A Civil War army was built in nested layers: a regiment (roughly a thousand men) was the basic unit; a few regiments made a brigade (a few thousand); a few brigades made a division (bigger still). Generals moved these pieces around like a stack of blocks. Two more plain words are worth keeping handy: infantry are soldiers who fight on foot; cavalry are soldiers who fight on horseback. That is the whole vocabulary you need for the day.
Morning, July 21
The plan had two parts, the way a good boxing combination does. The first part was a feint, a fake attack meant to grab the enemy's attention and hold it in the wrong place. McDowell sent a division under Brigadier General Daniel Tyler (North), one of his division commanders, to make a loud demonstration at the Stone Bridge, where the main east-west road, called the Warrenton Turnpike, crossed Bull Run. Lots of noise, lots of cannon fire, the look of a serious assault, all designed to convince Beauregard that the real blow was coming there, at his right and center.

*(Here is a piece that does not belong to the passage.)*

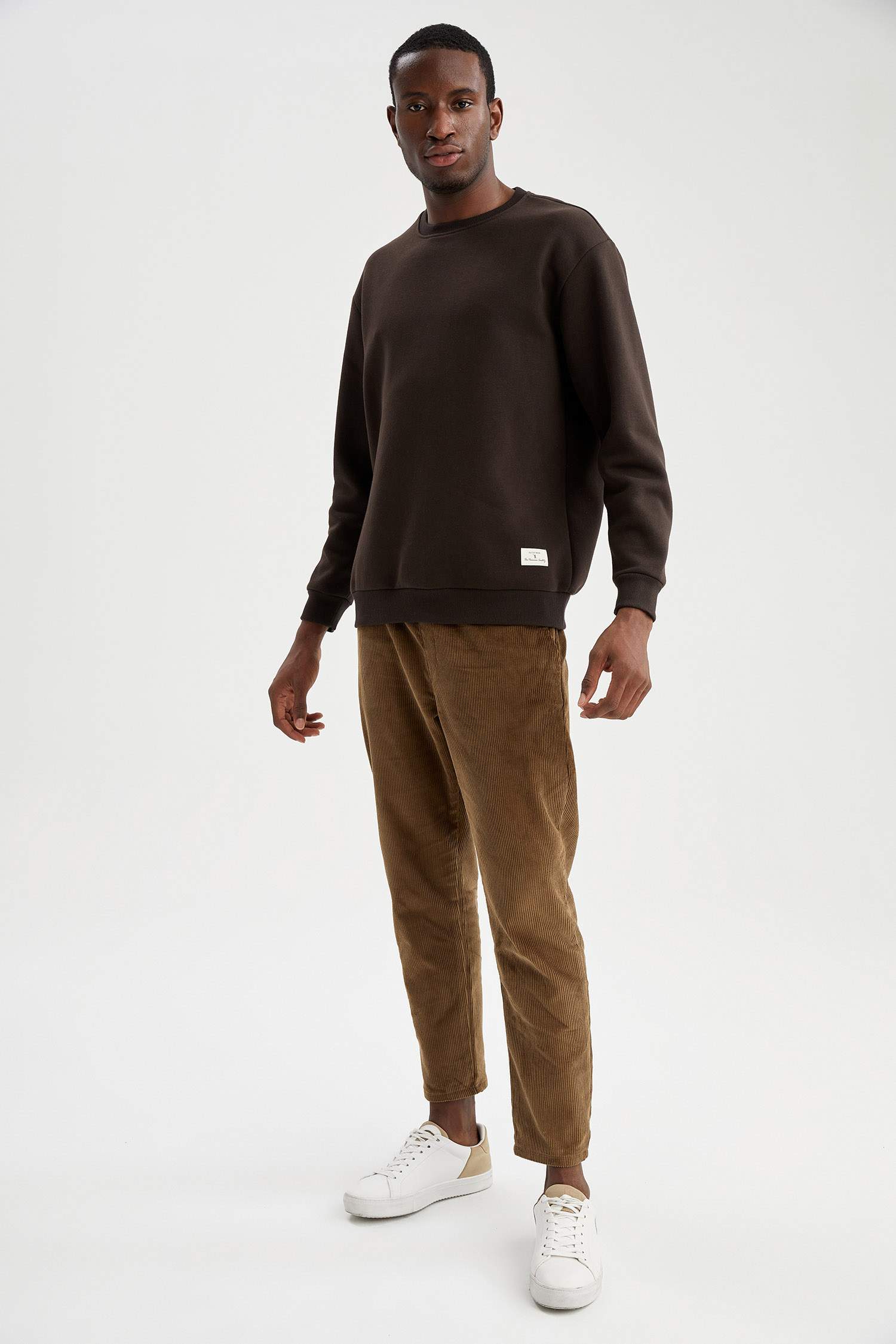 Oversize Fit Bisiklet Yaka Basic Pamuklu Sweatshirt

It was not. While Tyler hammered at the Stone Bridge, the bulk of McDowell's army, two divisions under Colonel David Hunter (North) and Colonel Samuel Heintzelman (North), two more of his division commanders, was swinging in a wide arc to the north and west to hit the Confederate flank, the exposed end of an army's line where it can be rolled up sideways like a rug. To get there they had to cross Bull Run at a ford, a shallow spot where a stream can be waded rather than bridged. The ford they aimed for was Sudley Springs Ford, about 3 miles (4.8 km) north of the Stone Bridge, well past the end of the Confederate line, so the Union flanking column could cross unopposed, then turn south and come crashing down on the rebel left from a direction Beauregard was not watching. Smash the flank, roll up the line, and cut Beauregard off from Manassas Junction behind him. On paper it was beautiful.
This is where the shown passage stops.